Adding to all this I recently discovered in a counselling session that I have father abandonment issues, thus obviously I haven't been the easiest person to live with. My husband now says that marriage scares the **** out of him and that he is much more peaceful after i left.

But he has already started his old ways with girls on webcam. when I asked him he told me he did nothing wrong with them whatsoever and just wanted to say hi to his old friends. I know this is absolute bull****. I have read his fb conversations with these girls, asking if they were still single and adding them to his skype list. But I am ready to forgive him this, bcoz i believe he is only doing all this due to his loneliness. Although it is not healthy, its his coping mechanism.

My real issue however is I am not sure if we were ever meant to be together (ours was an arranged marriage and my husband, I just realised is my rebound guy). I can see that he is not as deep as I need my man to be. But he is a nice enough guy. he is kind to me, quite understanding. But he never stands up for me with his family, I don't feel protected and safe when I am with him, I don't feel he is genuinely attracted to me,I can see he has no direction or aims in life, I don't feel a strong masculine streak in him and I believe I need that to be in a happy marriage with a man.

I need my man to be strong, I want him to be able to handle me. I dont want my husband to be swayed by me or my emotions. I want him to stand by my side at all times. He enjoys my passion and strength when we are in bed and I am happy but he can't handle these qualities of mine when I am unhappy. He is scared by them. He usually just ignores me, where I want him to hug me when I am in a rage and show me he loves me no matter what ( I am working on anger management through therapy).

I even gave him David Deida's "The way of the superior man" but he has admitted that he hasn't read it (Not sure if he has read it since I left). He is like that when it comes to learning anything. He is just too complacent and content in his current state and refuses to make any proactive step towards our marriage or anything else in his life for that matter. For eg; he has just let his PhD thesis hang for three years and last year he was told it will be cancelled, but even that did not prod him into working on it.

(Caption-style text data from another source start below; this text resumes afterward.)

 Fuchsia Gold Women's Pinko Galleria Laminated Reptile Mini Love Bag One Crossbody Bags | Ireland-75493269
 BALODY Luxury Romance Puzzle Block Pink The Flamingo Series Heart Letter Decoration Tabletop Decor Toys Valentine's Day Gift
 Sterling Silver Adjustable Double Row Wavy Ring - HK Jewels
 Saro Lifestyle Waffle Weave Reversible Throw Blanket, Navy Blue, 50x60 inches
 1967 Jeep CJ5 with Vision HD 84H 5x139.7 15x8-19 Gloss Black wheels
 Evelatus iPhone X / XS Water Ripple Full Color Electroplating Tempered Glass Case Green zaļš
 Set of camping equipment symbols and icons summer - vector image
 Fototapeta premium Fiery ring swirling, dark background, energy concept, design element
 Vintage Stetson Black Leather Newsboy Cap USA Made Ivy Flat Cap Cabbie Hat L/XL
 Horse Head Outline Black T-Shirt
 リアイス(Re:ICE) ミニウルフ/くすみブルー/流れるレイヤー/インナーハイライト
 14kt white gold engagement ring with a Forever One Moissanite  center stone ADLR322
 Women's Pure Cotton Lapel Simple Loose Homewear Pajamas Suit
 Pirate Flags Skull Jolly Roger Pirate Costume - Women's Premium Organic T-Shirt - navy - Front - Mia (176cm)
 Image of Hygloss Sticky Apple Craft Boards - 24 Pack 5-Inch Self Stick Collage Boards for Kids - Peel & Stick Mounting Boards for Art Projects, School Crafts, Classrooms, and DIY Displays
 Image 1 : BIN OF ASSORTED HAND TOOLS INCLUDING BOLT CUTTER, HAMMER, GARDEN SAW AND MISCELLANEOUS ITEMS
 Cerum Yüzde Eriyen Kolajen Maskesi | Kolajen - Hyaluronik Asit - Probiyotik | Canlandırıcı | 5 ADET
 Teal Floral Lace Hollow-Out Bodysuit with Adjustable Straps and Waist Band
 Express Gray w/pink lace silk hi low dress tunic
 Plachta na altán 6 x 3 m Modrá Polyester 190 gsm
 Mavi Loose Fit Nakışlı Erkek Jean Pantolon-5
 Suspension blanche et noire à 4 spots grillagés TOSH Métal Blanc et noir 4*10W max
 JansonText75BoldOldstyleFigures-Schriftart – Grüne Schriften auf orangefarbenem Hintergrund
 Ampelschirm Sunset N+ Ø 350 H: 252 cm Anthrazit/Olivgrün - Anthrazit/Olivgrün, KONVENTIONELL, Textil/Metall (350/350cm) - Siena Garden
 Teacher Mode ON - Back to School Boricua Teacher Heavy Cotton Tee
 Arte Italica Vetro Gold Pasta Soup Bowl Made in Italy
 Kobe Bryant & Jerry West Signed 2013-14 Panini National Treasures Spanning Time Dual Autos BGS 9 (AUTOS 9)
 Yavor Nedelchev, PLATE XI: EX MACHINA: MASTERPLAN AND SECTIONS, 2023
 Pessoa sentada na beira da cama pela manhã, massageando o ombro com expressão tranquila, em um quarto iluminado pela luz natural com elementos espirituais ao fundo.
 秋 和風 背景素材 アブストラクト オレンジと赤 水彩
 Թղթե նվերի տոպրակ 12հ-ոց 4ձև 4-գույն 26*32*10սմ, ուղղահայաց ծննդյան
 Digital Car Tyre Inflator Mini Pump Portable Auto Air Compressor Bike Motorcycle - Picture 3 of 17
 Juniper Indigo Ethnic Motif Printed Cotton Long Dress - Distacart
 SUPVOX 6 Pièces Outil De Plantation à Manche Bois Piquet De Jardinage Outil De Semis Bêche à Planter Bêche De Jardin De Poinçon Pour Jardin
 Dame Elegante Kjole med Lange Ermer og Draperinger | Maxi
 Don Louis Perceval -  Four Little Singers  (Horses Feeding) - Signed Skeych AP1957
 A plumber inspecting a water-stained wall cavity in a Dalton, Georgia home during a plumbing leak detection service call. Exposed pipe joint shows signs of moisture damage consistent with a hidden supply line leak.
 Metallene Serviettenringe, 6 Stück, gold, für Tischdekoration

My therapy is making me more open and helping me see my mistakes. I called his mother with whom I had problems and called truce as well. But I am still not sure of I must stay in this marriage. I know I will face a lot of social stigma if I get a divorce but should that force me to be in a marriage which I know is probably not going to fulfill my heart's deepest desires? But a marriage in which I can most probably be happy at least on the outset??

I would appreciate any thoughts from anybody to help me clarify my doubts... thanks in advance.